La mise en place des livrets de compétence représente par ailleurs une référence à peine voilée aux livrets ouvriers que le mouvement syndical avait réussi à faire abolir. Par ce prisme les implications sociales de la pédagogie par compétences apparaissent de manière extrêmement éclairante pour mieux renseigner sur les finalités poursuivies. Elles s’inscrivent résolument dans un projet d’assujettissement : elles sont la transposition dans le champ de l’éducation du discours de l’entreprise.
Le système éducatif tend de la sorte à se caler en fonction du seul critère de l’employabilité. L’objectif recherché est bien de préparer une main d’œuvre flexible et obéissante pour les besoins en travailleurs peu qualifiés des entreprises. Nous assistons désormais, non plus à une élévation générale du niveau de qualification, mais à sa dualisation avec corrélativement une augmentation du nombre des emplois hautement qualifiés et une croissance significative des postes de travail faiblement qualifiés. Le socle à la fin du collège, avec son livret de compétences et son évaluation par compétences, symbolise cette école à deux vitesses en retranscrivant cette dualisation nommée par les instances européennes « polarisation dans la demande de compétences » : pour la masse un malheureux passeport pour la survie, pour une élite définie sur critères sociaux autant la possibilité que la nécessité d’aller largement au-delà pour satisfaire ses instincts de reproduction des dominations sociales.

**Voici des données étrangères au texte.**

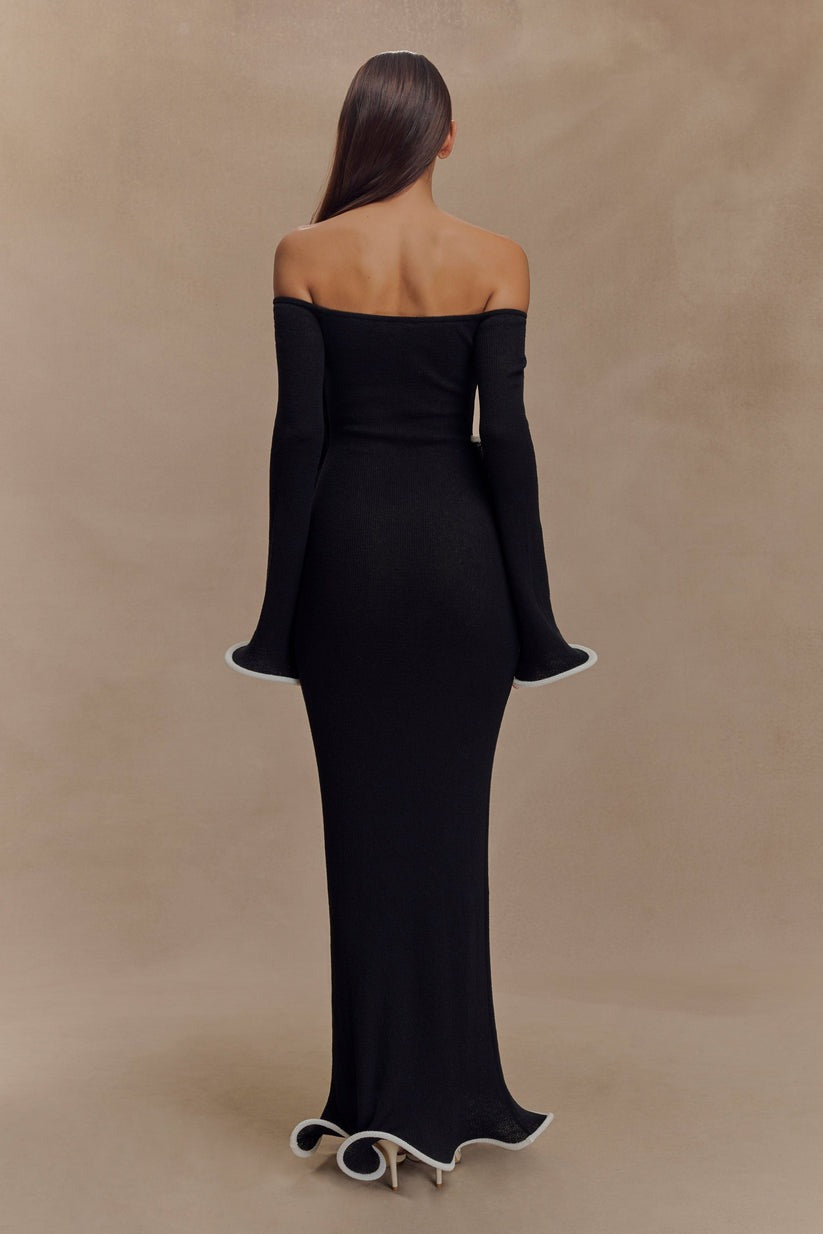 Robe longue en tricot à épaules dénudées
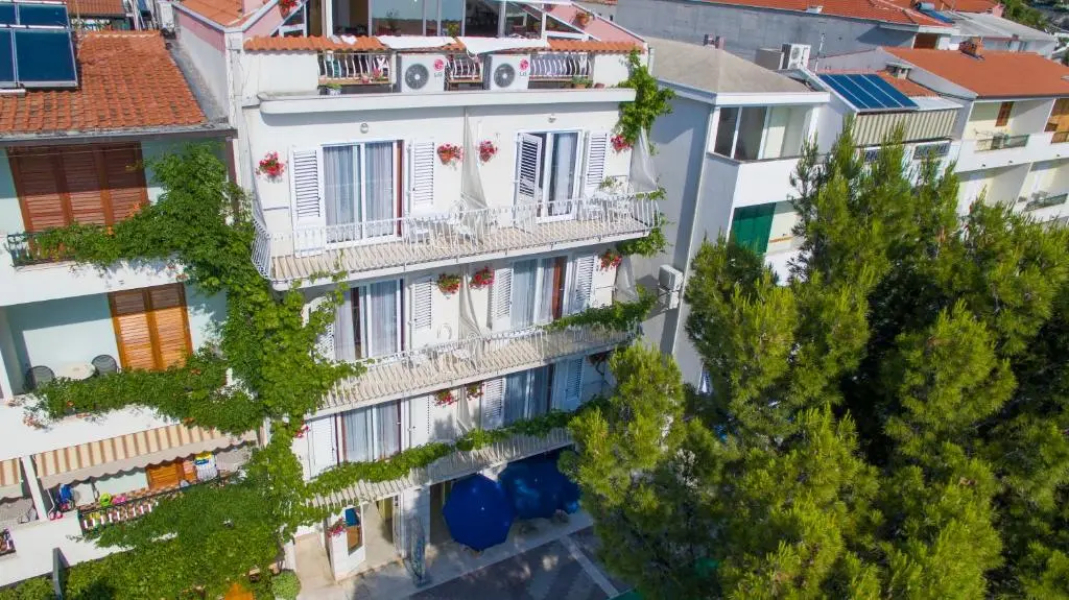 Apartments Ankora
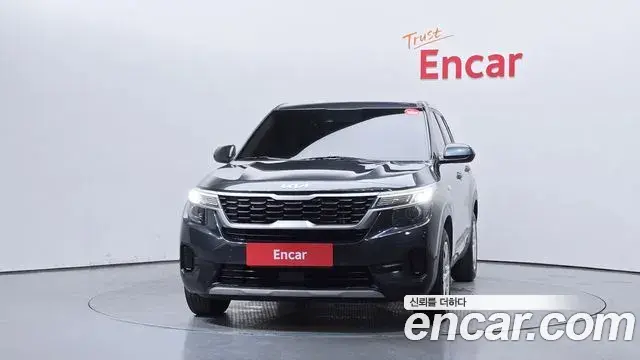 Kia Seltos 2022 — ფოტო 1/20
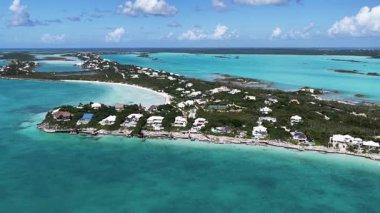 Taylor Körfezi Sahili Providenciales Denizaşırı Bölgede Türkler ve Caicos Adaları. Plaj manzarası. Mavi Suluboya 'nın tonları. Seyahat güzergahı. Providenciales 'teki Taylor Bay Sahili. Doğa Deniz Burnu.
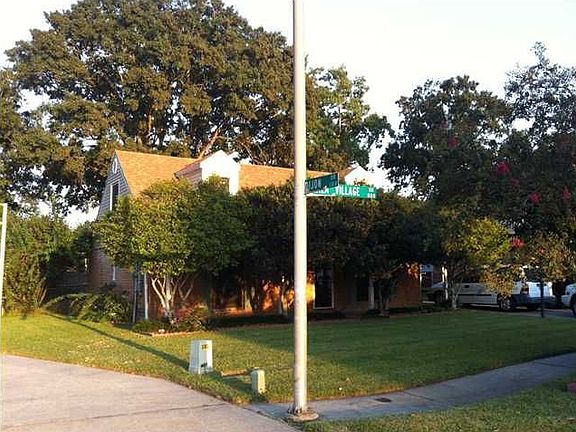 2nd image of 804 Plaza Village Dr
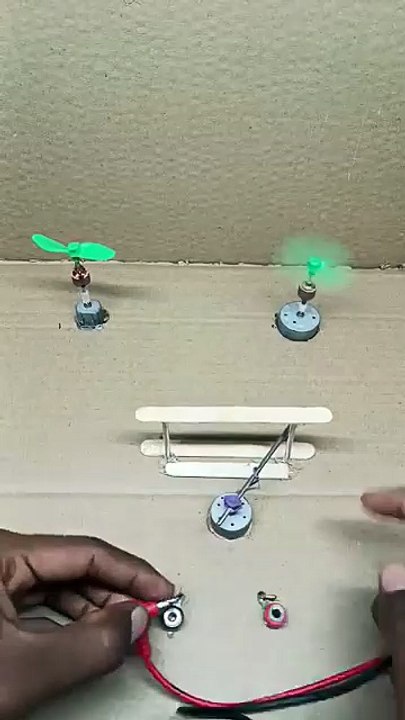 _DC_Motor_Power_Test__Which_Fan_Spins_Faster__(360p)
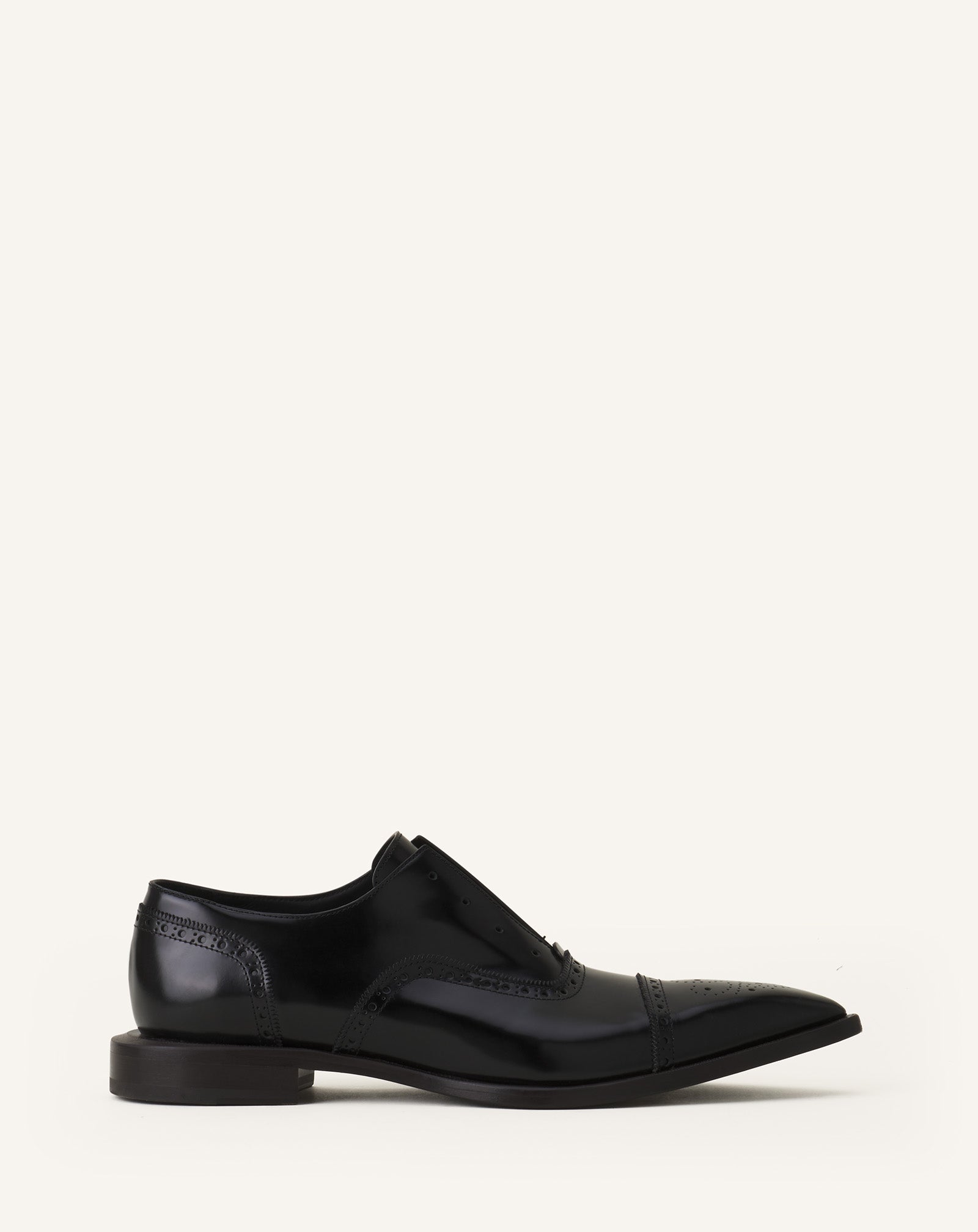 BLACK BROGUE OXFORD SHOE IN SHINY LEATHER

L’honneur de l’Ecole de la République consiste au contraire à contrecarrer le sens des destinées sociales. L’analyse marxiste a bien montré comment le processus de division du travail dépossède les travailleurs de leurs savoirs de métiers, les réduisant à des tâches aliénantes. La parcellisation et la segmentation des savoirs par l’approche par compétences trouvent leur corollaire sur le marché du travail avec la division des tâches de production. Il s’agit alors de construire artificiellement des comportements fondés sur la recherche de l’efficacité professionnelle et de la rentabilité économique.
Pour les militants d’un projet de transformation et d’émancipation sociales, il devient essentiel de récuser vigoureusement toutes ces pratiques pédagogiques tendant à instaurer un projet de conformation sociale. L’approche par compétences en constitue un élément parmi d’autres. Un système scolaire basé sur une évaluation de ce type deviendrait totalement aliénant pour les élèves. Cela conduirait à transformer en gageure l’objectif de les éduquer à la citoyenneté. Ceux-ci ne seraient plus considérés comme des citoyens à former, mais comme des forces productives indifférenciées avec pour seul impératif de gérer au plus efficace et de canaliser au mieux le stock.